Still trembling, I found the tire valve and fastened the pump onto it just in time, for then the moon disappeared behind the clouds again, and I was left in total darkness. I started the pump, afraid to think what I would do if it didn't work. But it did work. The air went in and out, in and out, sounding like heavy breathing. I was breathing hard too, my breath coming in short gasps. Then, suddenly, I stopped.

The sound, the same rattling sound that I had heard before, came from behind me again. The pump hissed louder and louder as I worked it harder. But the rattling grew louder and louder too. It was coming toward me, closer and closer, through the black night. I had to escape whatever was making that horrible sound. I pulled the pump off the tire and threw it on the ground by the graveyard.

Jumping up, I started to swing my leg over the bike. Then I felt something that made my blood run cold. Five sharp points were stroking the top of my head. They seemed to dig into my brain. I tried to tell myself that it was the branch of a tree, but the five points began to move down toward my neck. My legs were numbed with fear, but I forced them onto the pedals. Then, with one great lunge of fear, I shot forward on the road.

Whatever had been reaching for my neck was gone now. I had escaped its horrid grip. The bike flew through the darkness, leaving the tombstones to stare at my fleeing back. My body felt as cold as death. Still, my legs worked automatically, pushing the pedals up and down, carrying me away from whatever had touched me in front of the old cemetery. I shot through the darkness, going as fast as I could until my front tire hit another bump. I kept control of the wheels, but a sickening fear spread through my mind. The sound, that horrid rattling sound, was still right behind me!

I pumped harder and harder on the pedals. My breath came in short, painful gasps. I rode on for several minutes, thinking I was safe. Then I heard it again, the rattling. I was afraid to turn around. Afraid to see what was chasing me down the dark, lonely dirt road. Time and time again, the rattling sounded behind me. It played on my nerves until I thought I would descend into madness and never return.

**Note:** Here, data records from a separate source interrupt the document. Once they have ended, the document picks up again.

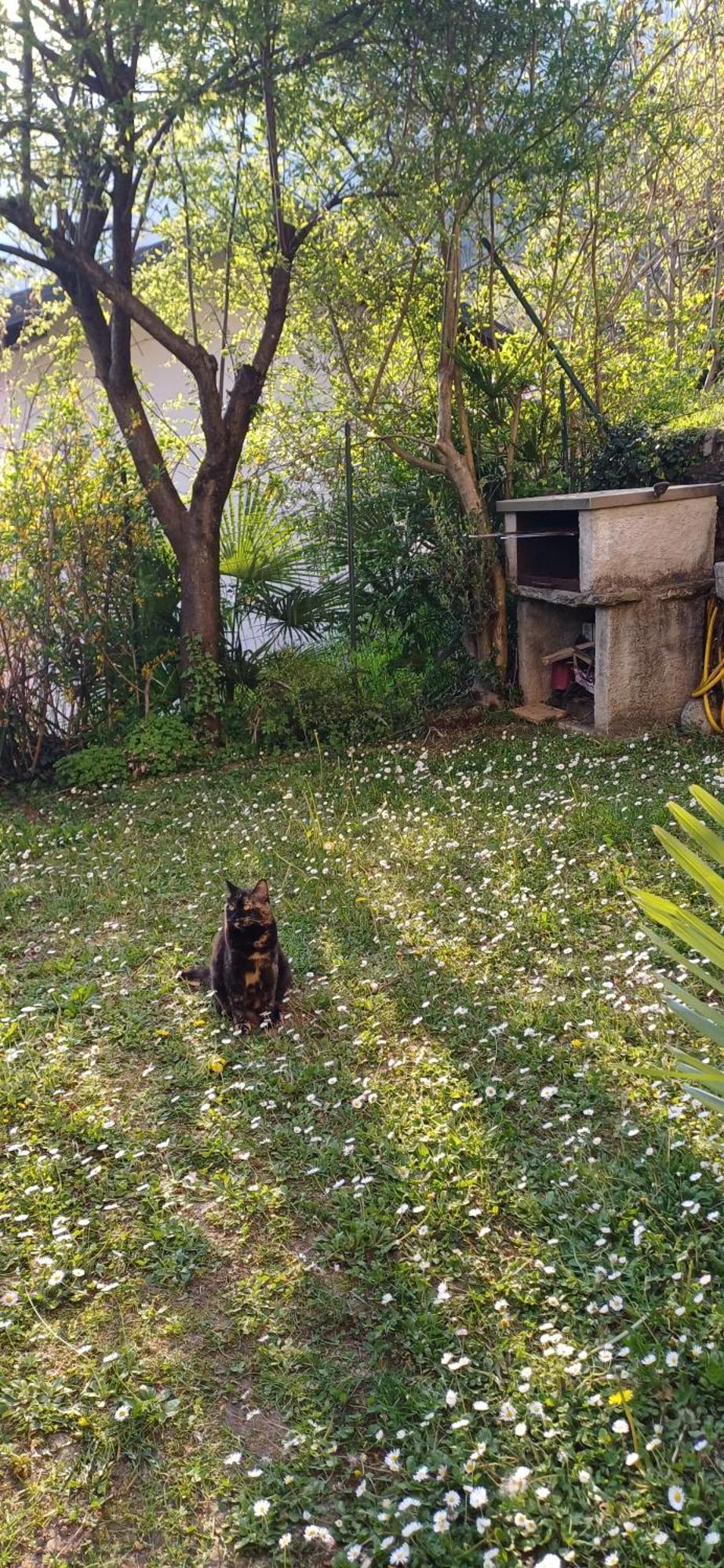 Casa Vista Lago E Giardino Πορλέτσα Εξωτερικό φωτογραφία
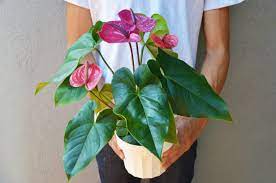 Anthurium Pink 6 Pot Pink Plant Anthurium Plants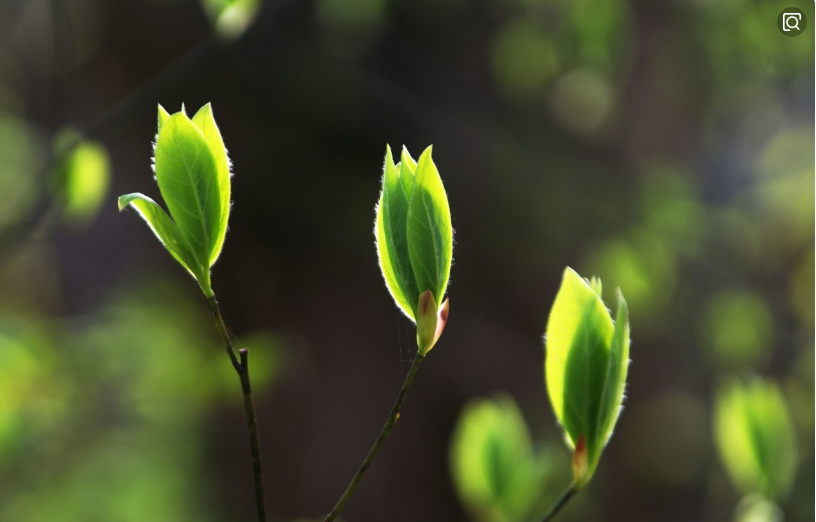 ��䓳���Է���ֵ�����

Finally, in the moonlight, I caught sight of my uncle's farm. I turned onto the road that led up to his house. He was standing in front, gazing down the road, waiting for me. As soon as I saw him, I tried to tell myself that it had all been my imagination--the staring tombstones, the strange rattling. I rode my bike up to where he stood and jumped off, breathing so desperately that I couldn't speak.

I waited for him to say something; but, instead, a look of horror came over his face. He was staring at the seat of my bike. Trembling, I turned around. There, clamped onto the back of the seat in a grisly death grip, was the rattling, bony hand . . . of a skeleton.